What is expected: Reproduce the whole listing word for word. Leave every image out.

** Input data follows **

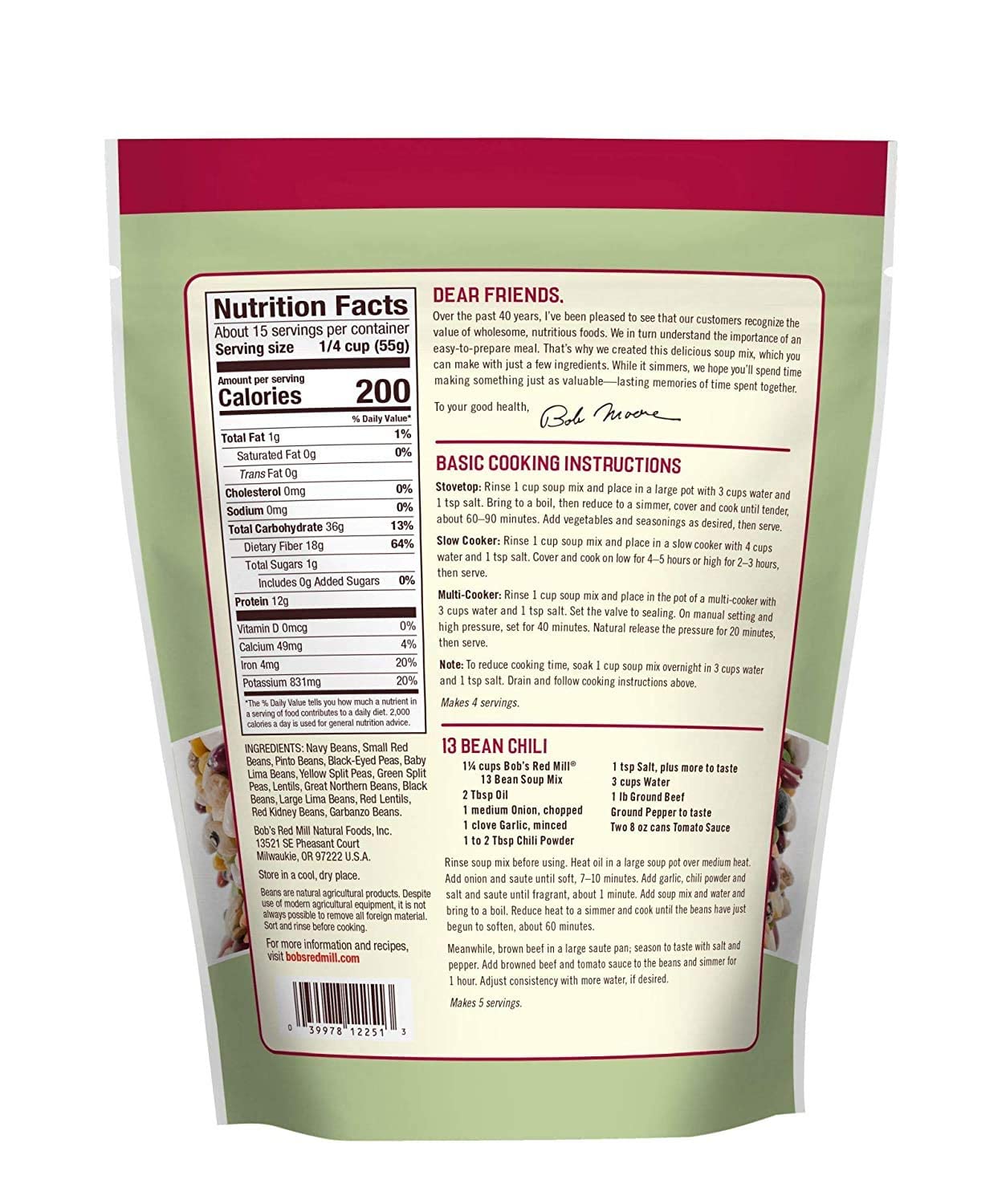 Bob's Red Mill 13 Bean Soup Mix, 29oz (Pack of 1) - Non GMO, Vegan, Kosher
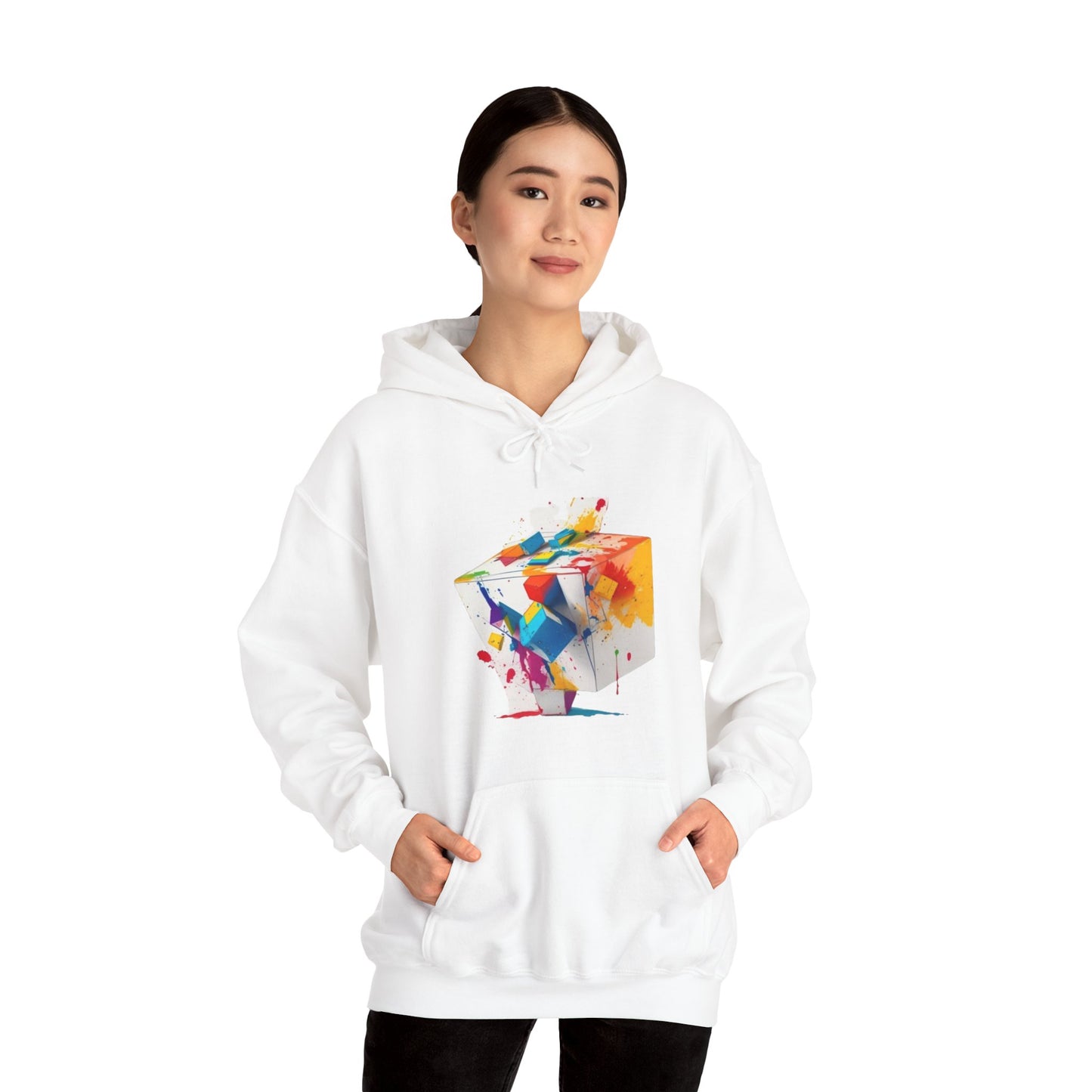 Colourful 3D Cube - Unisex Hooded Sweatshirt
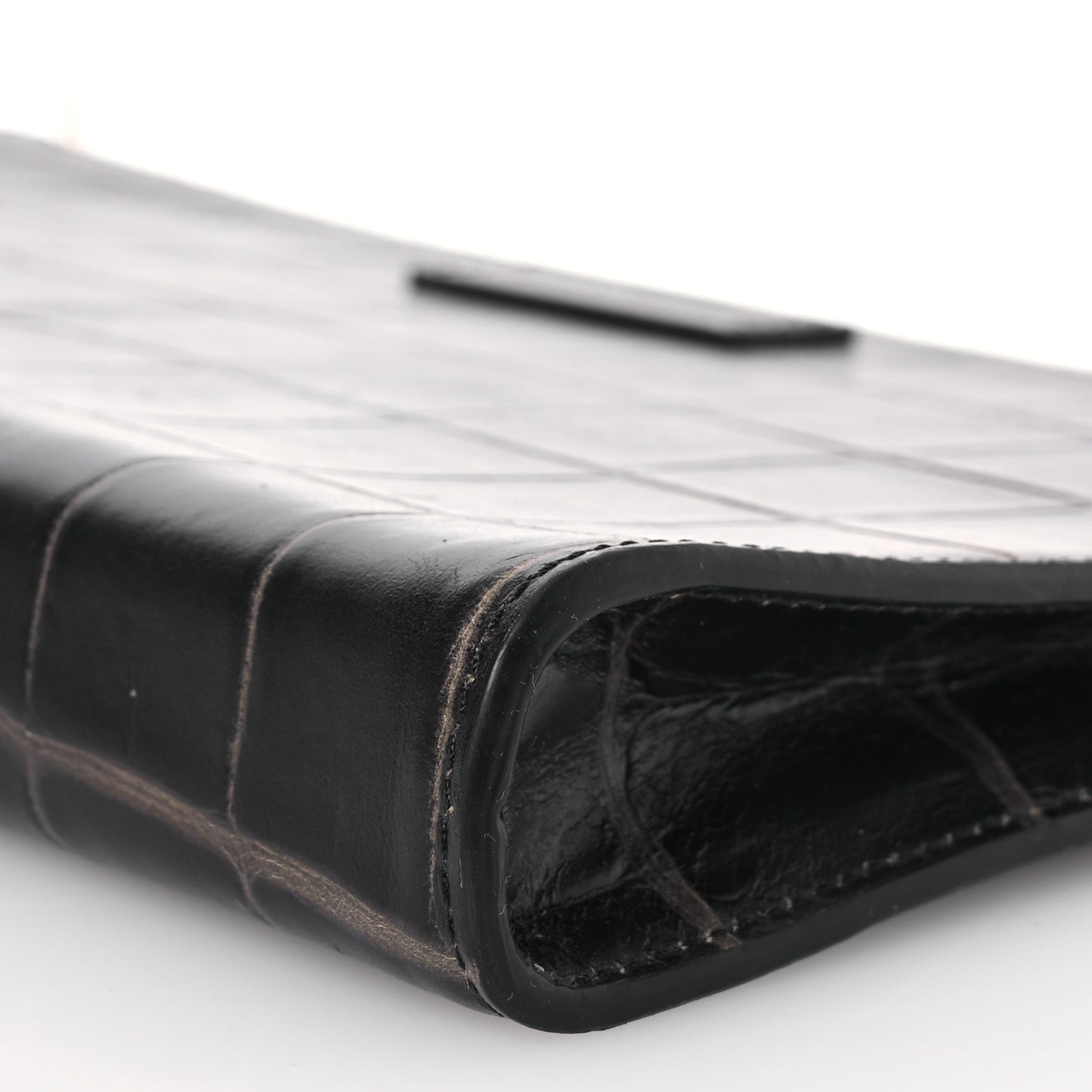 Calfskin Crocodile Embossed Knuckle Flat Zip Clutch Black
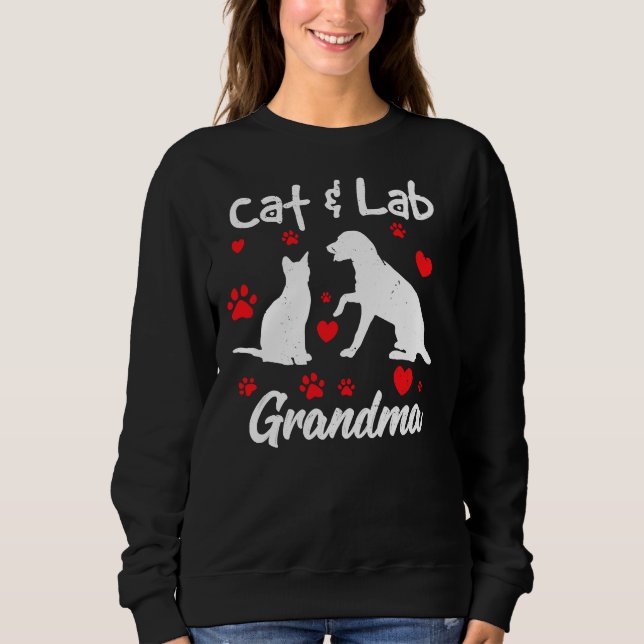 Sweatshirt Chat Labrador Retriever Grand-mère Lab Chien (Devant)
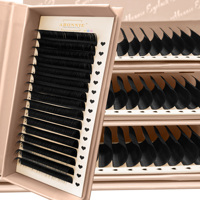 Ekstensi Bulu Mata Sutra PBT Korea, Tray Bulu Mata Gelap, Tray Bulu Mata Velvet, Ekstensi Bulu Mata Matte Black Cashmere, Grosir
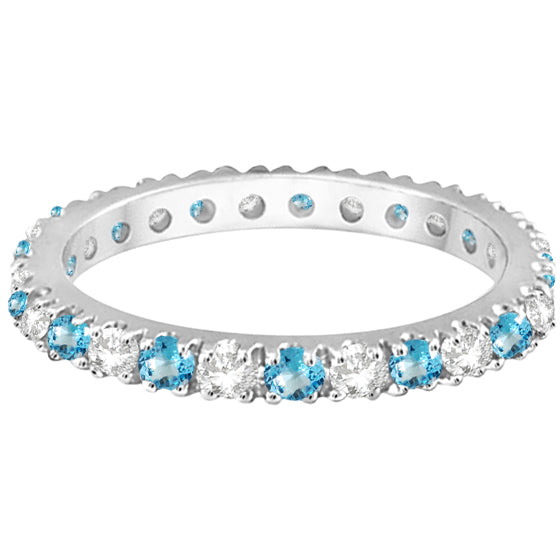 Diamond & Blue Topaz Eternity Ring Stack Band 14K White Gold (0.64ct)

** End of Input data **

Task response:
 Bob's Red Mill 13 Bean Soup Mix, 29oz (Pack of 1) - Non GMO, Vegan, Kosher
 Colourful 3D Cube - Unisex Hooded Sweatshirt
 Calfskin Crocodile Embossed Knuckle Flat Zip Clutch Black
 Sweatshirt Chat Labrador Retriever Grand-mère Lab Chien (Devant)
 Ekstensi Bulu Mata Sutra PBT Korea, Tray Bulu Mata Gelap, Tray Bulu Mata Velvet, Ekstensi Bulu Mata Matte Black Cashmere, Grosir
 Diamond & Blue Topaz Eternity Ring Stack Band 14K White Gold (0.64ct)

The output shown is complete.